Take care, and thanks again!
-Jay S. | Denver, CO
November 02, 2010 | LA Femme Festival Screening
“KEIKO, THE UNTOLD STORY” gives dignity and insight into the journey of the world’s most famous Orca. Keiko is an ambassador of freedom to all marine animals in captivity.”
Jennie Lew Tugend, Producer of “Free Willy”
October 10, 2010
Those of you who know me may have already guessed I am not always a patient man. Moreover, I have an attitude about movies and plays. They are like people. Most of the ones you encounter are full of bullsh*t, and there is too much background music. A few are very enjoyable. Keiko the Untold Storywas more than enjoyable, it was intense. Watching it was an experience.
I was not involved in any part of it during the four years it was being produced, and was only aware of the content in a general way. My brief encounters with the movie staff were perplexing to me because my familiarity with the subject matter was superficial, and I did not understand why this group of intelligent and accomplished people were so adamant that the movie be produced.
After I viewed the screening last Friday, the entire production procedure made sense (some things take time for me to process).
The movie is due for release in June and I highly recommend you see it with a couple of friends or family; do not go alone, and be ready to hang on for a hard ride.
Pat | Mexico
Starz Denver International Film Festival | October 18, 2010
Though the orca whale known as Keiko starred in the 1993 movie Free Willy, he lived most of his life in captivity. It was only with the launch of a campaign based on drawings by schoolchildren that enough money was raised to rehabilitate him and return him to the wild. Those who trained and cared for Keiko, the second-longest-lived orca in captivity, believe it was his indomitable spirit that kept him alive so long.

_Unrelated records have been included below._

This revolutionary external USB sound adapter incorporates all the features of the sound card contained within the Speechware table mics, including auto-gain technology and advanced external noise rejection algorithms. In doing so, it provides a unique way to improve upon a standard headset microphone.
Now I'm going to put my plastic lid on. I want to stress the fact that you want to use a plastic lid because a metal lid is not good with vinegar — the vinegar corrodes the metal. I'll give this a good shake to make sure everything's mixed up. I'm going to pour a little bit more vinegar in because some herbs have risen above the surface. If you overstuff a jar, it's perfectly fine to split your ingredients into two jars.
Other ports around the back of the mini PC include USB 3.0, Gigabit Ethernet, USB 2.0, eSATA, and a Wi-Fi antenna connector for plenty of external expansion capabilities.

The story of his life is told by director/producer/writer/editor Theresa Demarest through footage from an array of conservation and environmental organizations, including that of Jean-Michel Cousteau. Keiko the Untold Story was made in large part to counteract the widespread perception that the rehabilitation and release efforts were a failure and that Keiko died soon after his release into the waters off his native Iceland. In fact, the orca, carefully trained for two years, spent the transition traveling with pods of wild killer whales; undertaking a solo journey from Iceland to Norway; and living in a seawater fjord, attended by his trainers, for 18 months before his abrupt death from disease in late 2003 at the age of 27.
But new Keikos are born every day: the heartrending capture of another baby orca, caught on camera, is narrated by marine mammal scientists who go into depth about the structure of orca society and the suffering a young whale endures when confined to the concrete tanks of aquarium facilities. No less poignant are the scenes of young children expressing their shock, with indignant and quavering voices, that the lives of many Willies have no Hollywood ending.

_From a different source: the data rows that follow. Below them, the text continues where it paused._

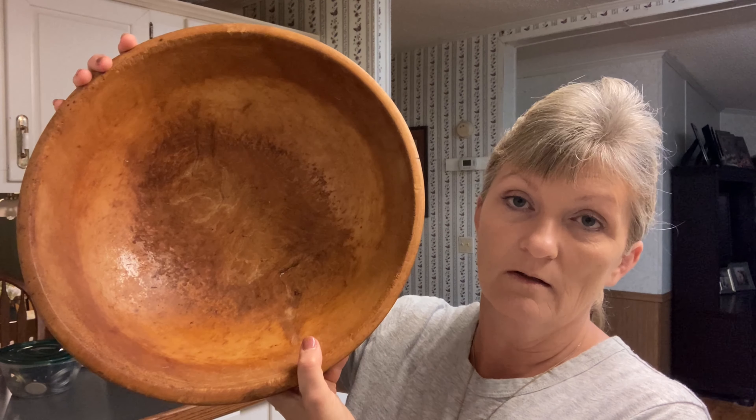Hey y'all, welcome back to Small Town Southern Wife. Today I'm going to be making my cornbread for Thanksgiving and I wanted to share that recipe with y'all. I've also got some bowls here I wanted to show y'all and tell you a little bit about how old they are and the history of what I'm using to make my cornbread in. This bowl dates back to about 150 years.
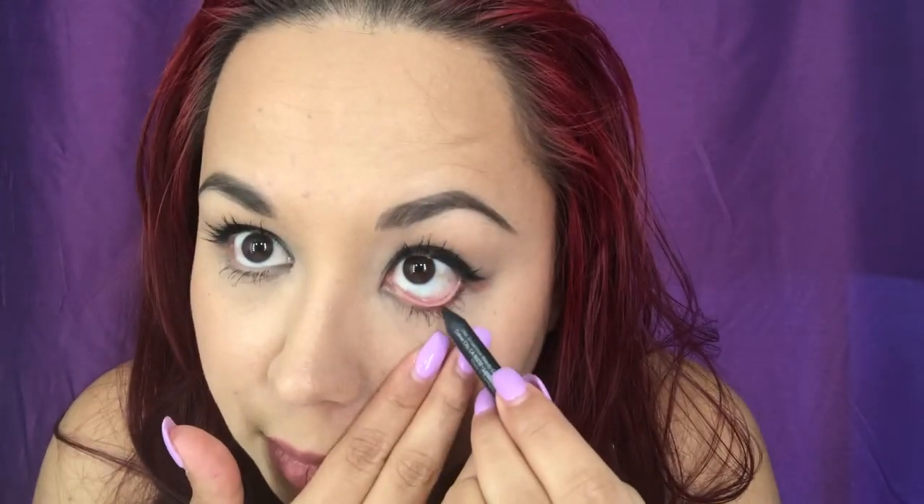So that was the MAC, and then this one is the Smashbox eyeliner. This one is the color Onyx, which is the black one. Do you guys see that it doesn't really go on very well either?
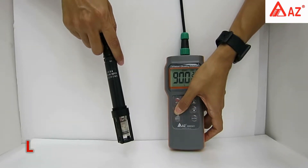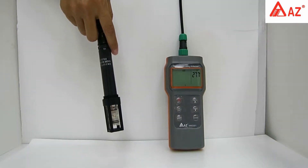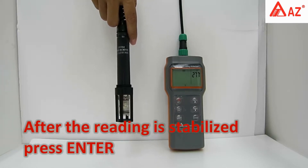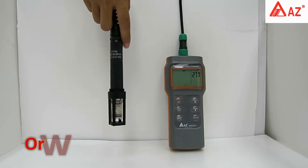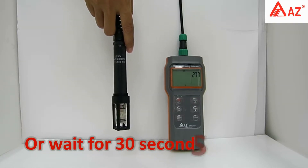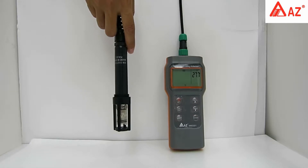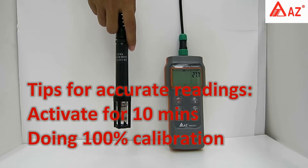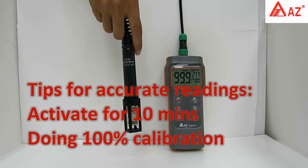Hold the DO probe in the air and long press Cal until the Cal icon appears. After the reading is stabilized, press Enter or wait about 30 seconds. A save icon appears when the result is automatically saved, and it returns to measuring mode. Remember to activate the electrode for 10 minutes and perform a 100% calibration to get accurate readings.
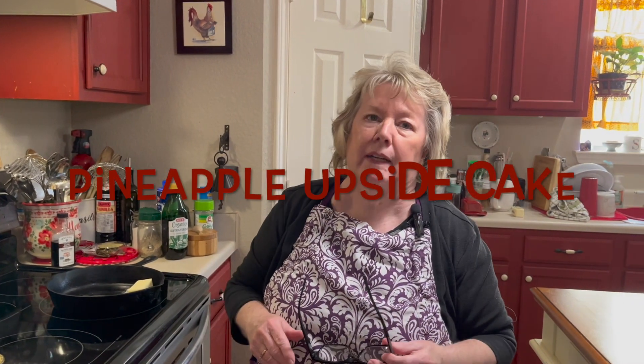Hi, welcome to Simply Country Cuisine. I am making a pineapple upside down cake and I'm making it in my iron skillet for Mark's birthday.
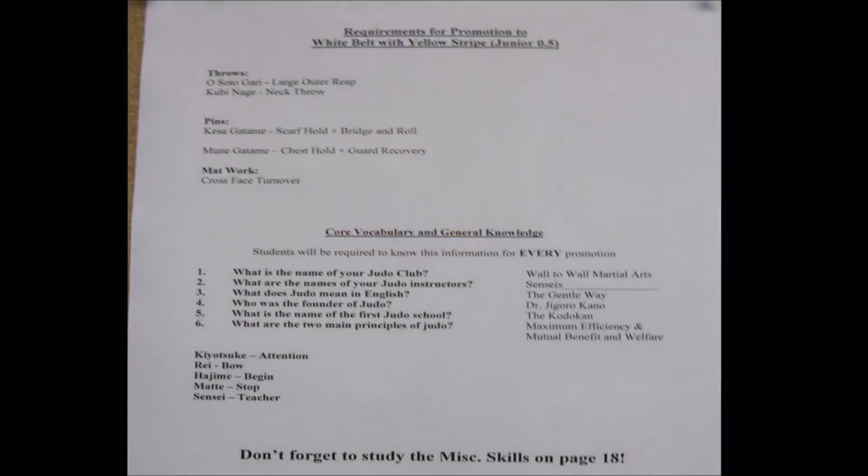Sensei James here, and we're going to go over the written requirements for promotion to white belt with a yellow stripe — that is the first promotion in our junior judo curriculum. The throwing techniques required are Osotogari, the large outer reap, and Kubinagi, the neck throw.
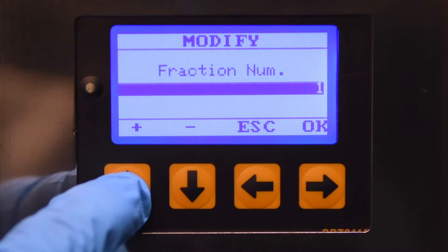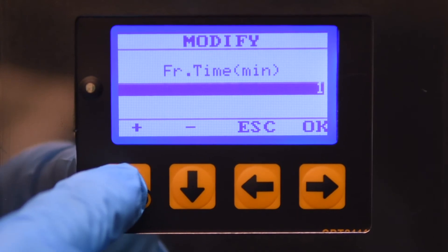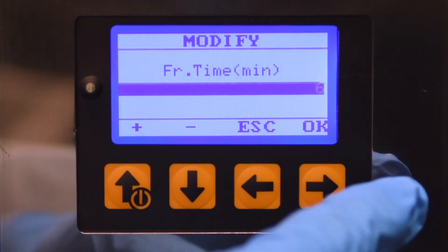Both instrument designs also permit sampling before an operation or at rest, during the operation, and at the end of each processing cycle.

by Val Moses | Denver, Colorado
(In cooperation with Sea Shepherd Conservation Society & Starz Denver International Film Festival)

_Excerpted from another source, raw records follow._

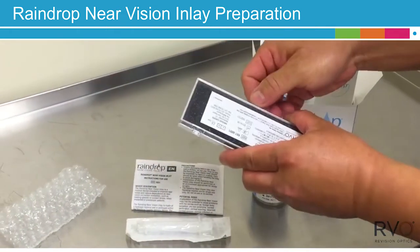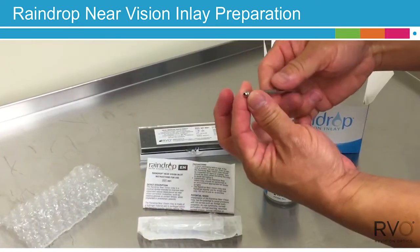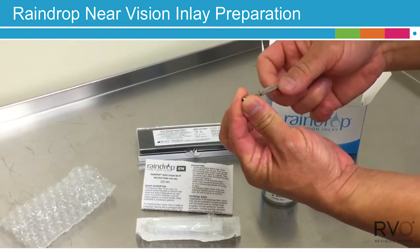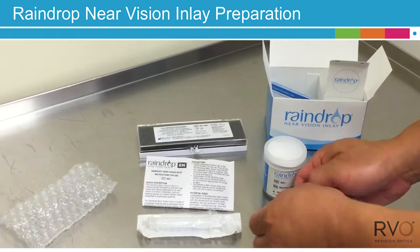The Inserter Chuck Handle has three components: the handle, the sleeve, and the chuck. The Inserter Chuck Handle comes unsterile and will need to be fully disassembled and sterilized prior to use.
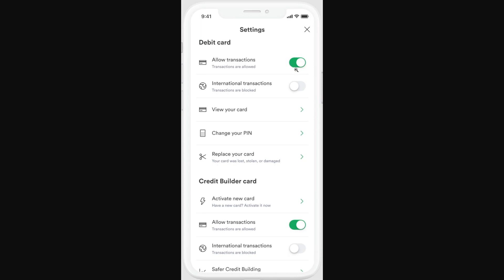By default this will be toggled on because most people will obviously want to make transactions. However, if you did lose your card or something like that, you can lock your card by turning this off — once it's turned off, your card is safe and essentially useless to anyone else. If you later find your card again, you can always come back to this setting and turn it back on, and your card will work like normal.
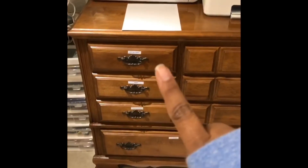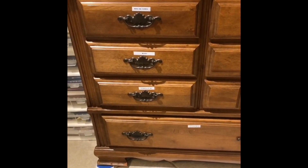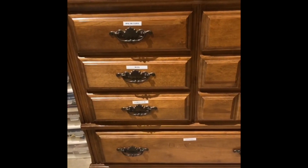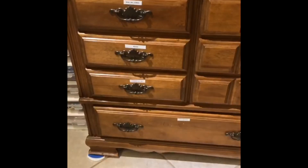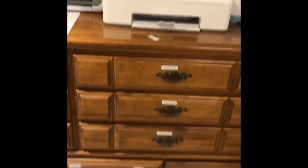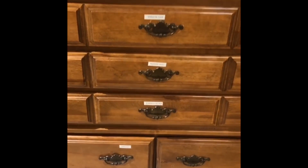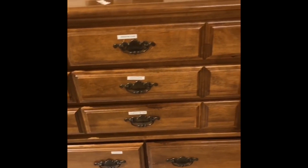I have my Cricut right there, and I labeled all of these drawers. I have mini ink cubes, baby wipes because I need them a lot. I have VersaFine clear ink — so all my inks are pretty much here — and my cutting mats and some of my Cricut supplies.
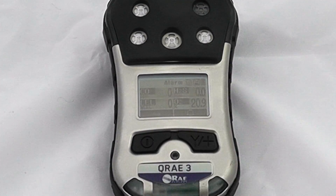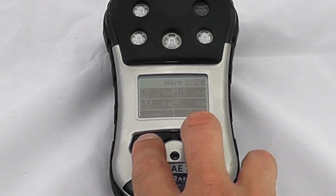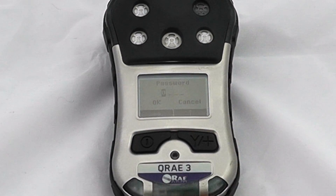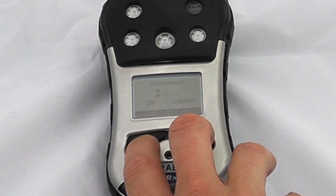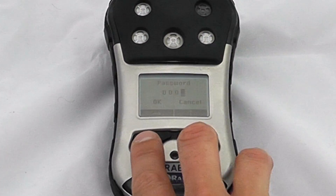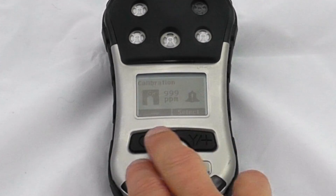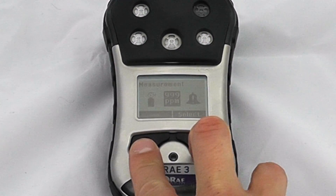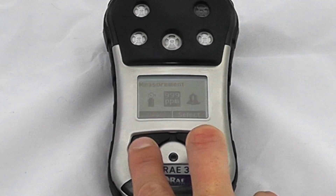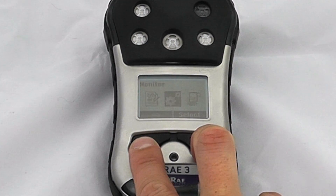At the moment it's letting me know all sensors need a calibration, so we'll calibrate these with a standard full gas mix. To get into the menus, hold the mode and yes buttons together. It will ask for a password — as standard this is 0000 — and now we're in the back menu with calibration options. This is very similar to any other Ray instruments.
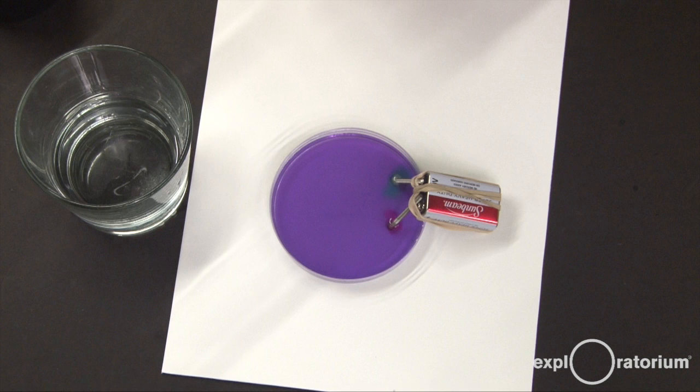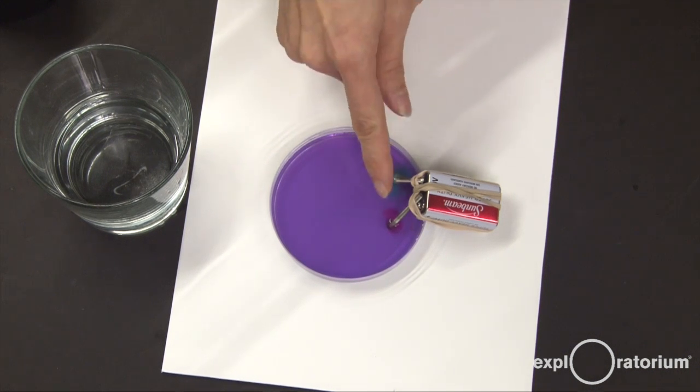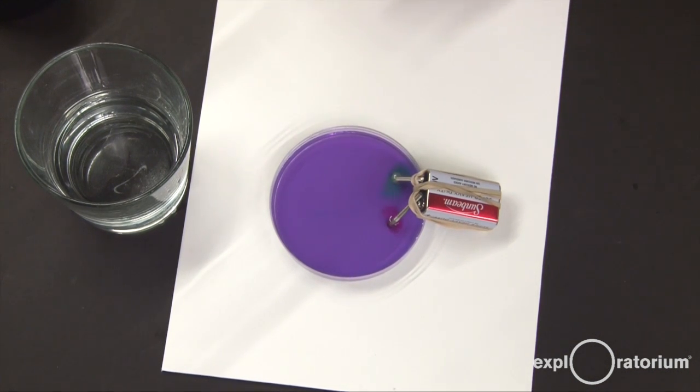The formula for water is H2O and there are actually two hydrogen atoms for every single oxygen atom. So just by looking at the ratio of bubbles, we might guess that the more bubbly side is hydrogen gas coming off and the other side is the oxygen gas coming off.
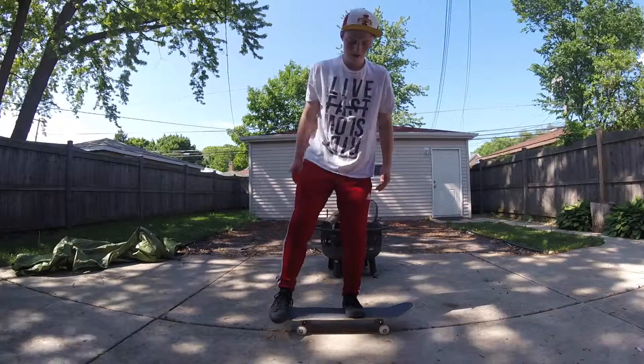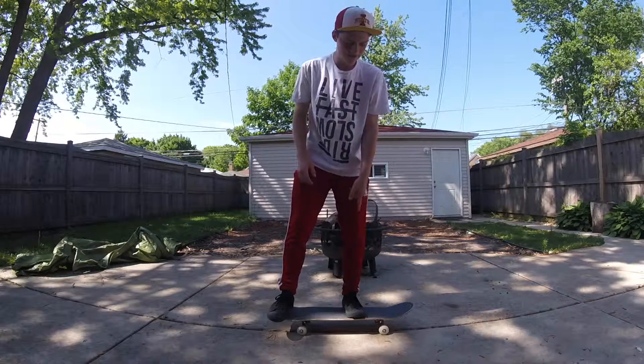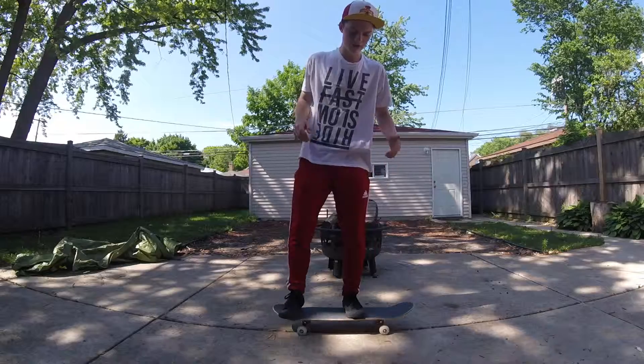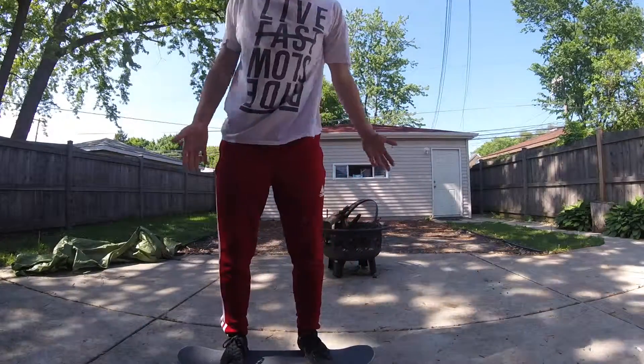If you watch my foot right here, the ball of the foot is over the edge where I can pull the board back, and this foot will come up just a little bit so the board can get through. Like that.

Blue Planet Film Festival | October 15, 2010
I had the good fortune to view Theresa Demarest’s documentary “Keiko, the Untold Story” at the Blue Planet Film Festival in Santa Monica. I had no idea!
Keiko’s journey from Iceland to a large swimming pool in Mexico City, then to the Oregon Coast Aquarium, his eventual freedom in Iceland and finally Norway, is a riveting and poignant story.
Like most folk, I had the notion that when Keiko was released to the wild, it led to his immediate and untimely demise. To learn that the orca had survived a total of 5 years in the wild was an eye opener for me and others in the audience.
To observe the love and trust between Keiko’s handlers, or to be precise “friends”, Colin Baird and Thorbjorg (Tobba) Valdis Kristjansdottir, is a moving and spiritual experience.
I recommend everyone should see this documentary and learn the REAL tale of the famous “Free Willy star”. It is an important story and needed to be told.
Kudos to Theresa Demarest and her team for their dedication to detail and the truth.